Not a cha cha. Not anything. |
Note: The random Internet-sourced written example to the left is included for comedic purposes only. Do not learn. Groove not good.
I was flipping through an old copy of Drum! Magazine (issue 215, May, 2014), and saw this article: 49 Styles Every Drummer Must Know. It’s a subject I wanted to talk about, and if someone else has already done most of the work, all the better. It’s a decent piece, but maybe it’s not actually possible to cover the subject adequately in a single magazine article. That’s fine. What I’ll do is just give one garden-variety professional’s opinion about the styles listed, and their importance for a working drummer as I see it. I’m not going to print out the grooves from the article, but I’ll try to give some kind of link or book reference. It’s better to listen and copy than it is to just read a one-measure beat out of the magazine and leave it at that. There are a lot of these, so I’ll do the quickest takes possible:
Immediately you realize that, no, you can’t really communicate a style in one paragraph and a single, one-measure groove example. My book Playing Samba and Bossa Nova I think is about the shortest practical introduction possible for a major style, of which samba is one.
Mambo
I don’t know why he sandwiched this Cuban groove in between two Brazilian grooves. Cuba != Brazil. This is a major drumming genre, and a demanding one at that, and everyone should spend a good amount of time with it.
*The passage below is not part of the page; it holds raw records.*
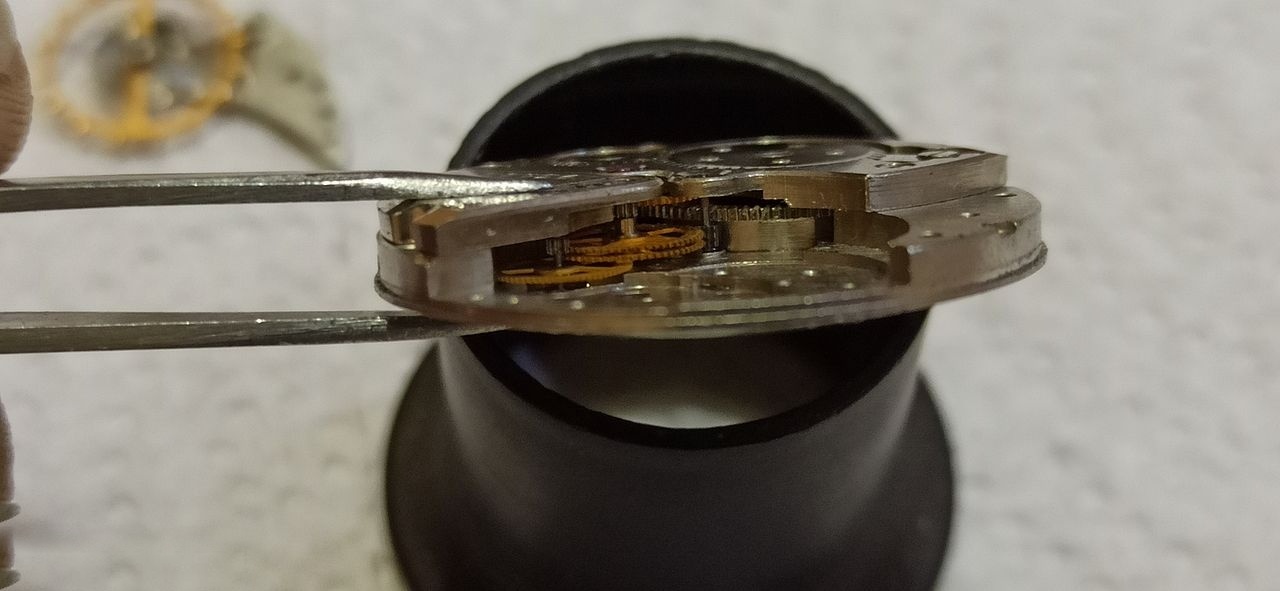 Side profile of the movement held in tweezers on a stand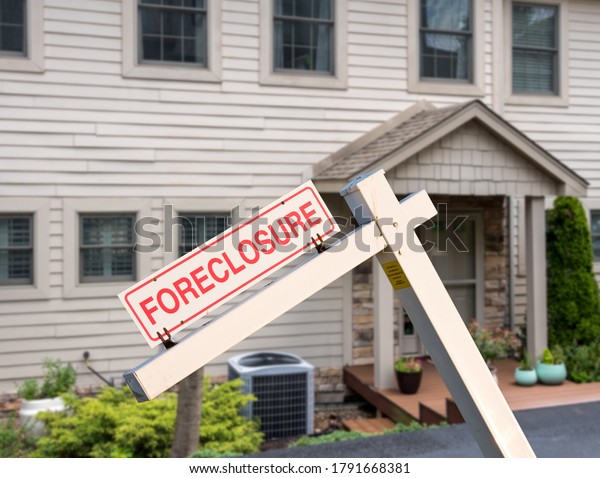 Foreclosure sign against a modern townhouse or row house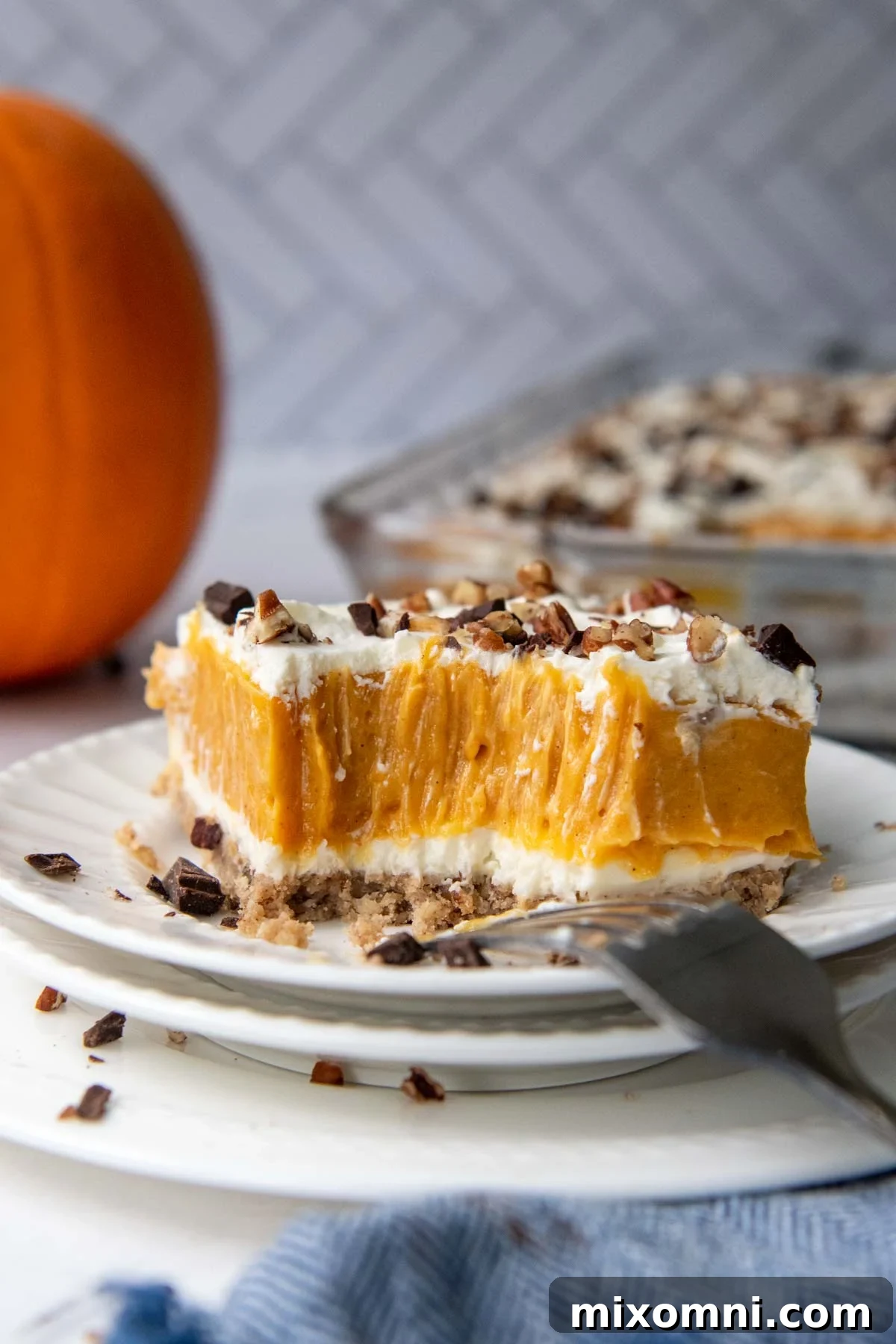 a bite taken out of dessert with a pumpkin in the background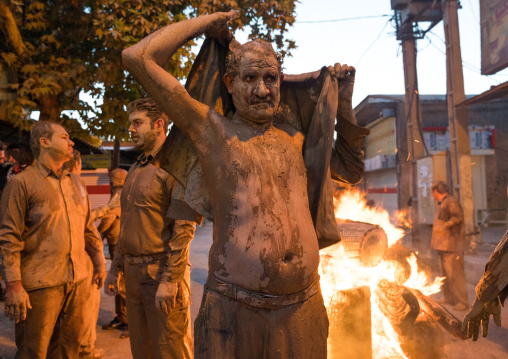 Iranian shiite muslim gather around a bonfire after rubbing mud on their bodies during the Kharrah Mali ritual to mark the Ashura ceremony, Lorestan Province, Khorramabad, Iran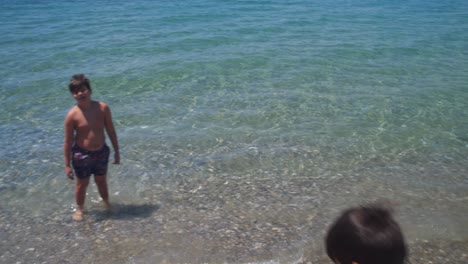 Low-angle-view-of-two-caucasian-brothers,-enjoying-crystal-clear-sea-water-at-beach-of-Kalamata,-Peloponnese,-Greece-4k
The language applies to a variety of Cuban/Salsa styles, as well as north American quasi-Latin styles.
Bossa Nova
If you do gigs with jazz musicians, you will play a lot of bossa novas, and you have to have some kind of personal relationship to this music to make it not suck for everyone. My samba/bossa nova field manual is highly recommended. Highly recommended.
Reggae
Everything I know about reggae I learned from the Peter Tosh album Equal Rights, and a handful of other things. If I was going to get serious about this music, I’d be doing it on a 70s model, working on getting together the sound of my drums, my old school one-drop, and my lead-ins. In more modern playing, you can almost just play straight pop/funk stuff, and let the context make it be reggae. You do have to do some listening, though. It’s been awhile since I’ve done a straight bar band gig, so I don’t know how often this comes up these days.
Ska
Everything I know about ska I learned from one record, which I love: I Just Can’t Stop It by The English Beat. I’m going to honor the great Everett Morton by just trying to play like him on the rare occasion that a ska tune comes up.
Rumba
He’s not referencing the Cuban style, but basically a rock & roll rhumba— a Latin-flavored groove played on the drums, with a ruff leading into beat 2, and a tom tom on 4&; with that information and by listening to a couple of recordings, you can come up with your own way of playing the feel. Usually I spell this north American style: “rhumba”, and save the “rumba” spelling for actual Cuban music.
Cha Cha
This is a basic, essential Cuban/Salsa style that applies to a few different genres. I’m mostly called upon to play it as kind of an old fashioned ballroom thing, and also with a Latin show band. It has a straighter 4 feel than other Cuban styles, with quarter notes played on a high-pitched cowbell, and the clave rhythm somewhat deemphasized. Keith Copeland’s cha cha groove is very handy for most of my purposes.
Soca
Never had to play this style, but if you get a job on a Caribbean ship, you might want to download Arrow’s song Hot Hot Hot, copy the beat, and play along with it.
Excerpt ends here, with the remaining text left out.